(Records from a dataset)
────

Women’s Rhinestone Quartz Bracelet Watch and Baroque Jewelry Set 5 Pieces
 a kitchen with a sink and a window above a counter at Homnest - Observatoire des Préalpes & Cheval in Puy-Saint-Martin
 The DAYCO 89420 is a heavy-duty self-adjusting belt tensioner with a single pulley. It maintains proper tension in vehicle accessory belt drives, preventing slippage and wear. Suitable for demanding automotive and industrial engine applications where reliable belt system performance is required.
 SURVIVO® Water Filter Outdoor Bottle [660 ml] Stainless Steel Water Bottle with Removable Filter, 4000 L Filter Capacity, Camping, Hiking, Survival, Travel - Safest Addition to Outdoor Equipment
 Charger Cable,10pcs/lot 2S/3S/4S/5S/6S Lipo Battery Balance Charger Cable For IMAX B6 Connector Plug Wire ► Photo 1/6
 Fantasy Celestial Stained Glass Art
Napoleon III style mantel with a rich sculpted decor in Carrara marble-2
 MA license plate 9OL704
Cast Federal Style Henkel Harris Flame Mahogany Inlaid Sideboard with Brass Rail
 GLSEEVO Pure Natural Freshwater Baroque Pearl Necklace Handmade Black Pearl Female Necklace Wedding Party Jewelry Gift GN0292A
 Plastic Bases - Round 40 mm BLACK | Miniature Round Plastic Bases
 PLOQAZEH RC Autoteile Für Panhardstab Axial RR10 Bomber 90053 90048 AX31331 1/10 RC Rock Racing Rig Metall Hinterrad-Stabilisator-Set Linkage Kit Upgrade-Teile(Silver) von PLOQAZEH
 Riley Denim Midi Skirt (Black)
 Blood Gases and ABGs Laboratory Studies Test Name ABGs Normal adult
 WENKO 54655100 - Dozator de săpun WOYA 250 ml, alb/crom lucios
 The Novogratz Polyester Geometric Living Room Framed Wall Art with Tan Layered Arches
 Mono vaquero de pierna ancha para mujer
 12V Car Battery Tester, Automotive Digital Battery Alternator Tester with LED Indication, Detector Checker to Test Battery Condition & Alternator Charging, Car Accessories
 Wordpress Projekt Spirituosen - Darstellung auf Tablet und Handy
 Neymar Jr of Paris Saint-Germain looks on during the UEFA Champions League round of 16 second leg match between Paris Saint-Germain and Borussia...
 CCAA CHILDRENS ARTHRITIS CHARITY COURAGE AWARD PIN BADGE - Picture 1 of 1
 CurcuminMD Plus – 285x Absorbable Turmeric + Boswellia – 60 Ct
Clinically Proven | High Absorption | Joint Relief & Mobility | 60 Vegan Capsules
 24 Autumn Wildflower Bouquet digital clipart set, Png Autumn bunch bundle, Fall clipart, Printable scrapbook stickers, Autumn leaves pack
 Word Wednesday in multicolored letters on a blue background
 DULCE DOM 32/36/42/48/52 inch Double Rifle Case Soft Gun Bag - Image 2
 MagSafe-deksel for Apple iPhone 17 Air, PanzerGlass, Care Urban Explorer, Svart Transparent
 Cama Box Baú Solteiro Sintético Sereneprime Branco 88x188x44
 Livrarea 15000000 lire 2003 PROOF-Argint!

────

## Exercise goal
Whenever a line in the data holds "Saint", copy that line.

## Answer to the problem
 a kitchen with a sink and a window above a counter at Homnest - Observatoire des Préalpes & Cheval in Puy-Saint-Martin
 Neymar Jr of Paris Saint-Germain looks on during the UEFA Champions League round of 16 second leg match between Paris Saint-Germain and Borussia...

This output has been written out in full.